Author's avatar By Danyl Bosomworth 05 Feb, 2014
Essential Essential topic

5 ideas to help your journey to nirvana

Optimisation, it’s an important and hot topic. Whether SEO, advertising, email or conversion rate. We want more, we have to. Is it possible to reach an ‘optimised’ place, is it ever done, can we ever arrive at an optimised nirvana of continuous optimisation as we suggested in our recent 7 Steps to Digital Nirvana infographic? Whenever I talk to people, and listen to myself talking sometimes, you’d think that we are seeking a destination, a place where it’s all done.
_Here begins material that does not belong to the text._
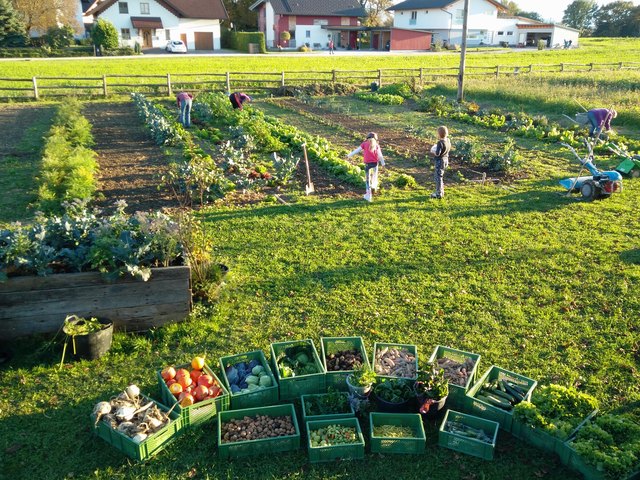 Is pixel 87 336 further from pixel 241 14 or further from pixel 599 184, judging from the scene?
pixel 241 14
We're optimised!

We asked about how optimised businesses are in their digital optimisation in our recent research on managing digital marketing - it's good to see a fair proportion in the top 2 categories, but the majority don't optimise continuously.

marketing-optimisation-research

My experience is that in reality we never arrive. It’s a little like the idea that, as individuals, we ever reach a state of true happiness - that we’re arrived and done. The reality is that just as life is a journey and happiness is of the moment, so is reaching a perfect state of optimisation and being done. Too much changes around us to make it any other way.

We’re forever dealing with:

  • Changing management agendas
  • New products and services
  • Changes in the market and competitive environment
  • Evolving consumer behaviour and technology
  • Changes in channel effectiveness (including Google search algorithms)

The reality is that optimisation is a never ending, moving feast. So take heart, we’re all in the same boat.

So what’s the answer?

Accept that this is a moving feast, the world we work in, we’re no longer in a relatively static, advertising led environment, we’re in the business of earning and amplifying consumer attention. It’s important to recognise the complexities of marketing today and not get drowned in it - the truth is we’ve never had so much opportunity to out-wit and out-market the competition irrespective of budget, no excuses. That said, there’s little marketing that can be done to escape a rubbish product or service.

The point here - there's is vast amount of never optimisation to be done.

The optimisation journey

Embrace it! Like happiness, marketing nirvana is of the moment and ever changing, not a destination. Represented in quality ROI, and a quest to better it. Being committed to that cause is why you’ve got a well paid job.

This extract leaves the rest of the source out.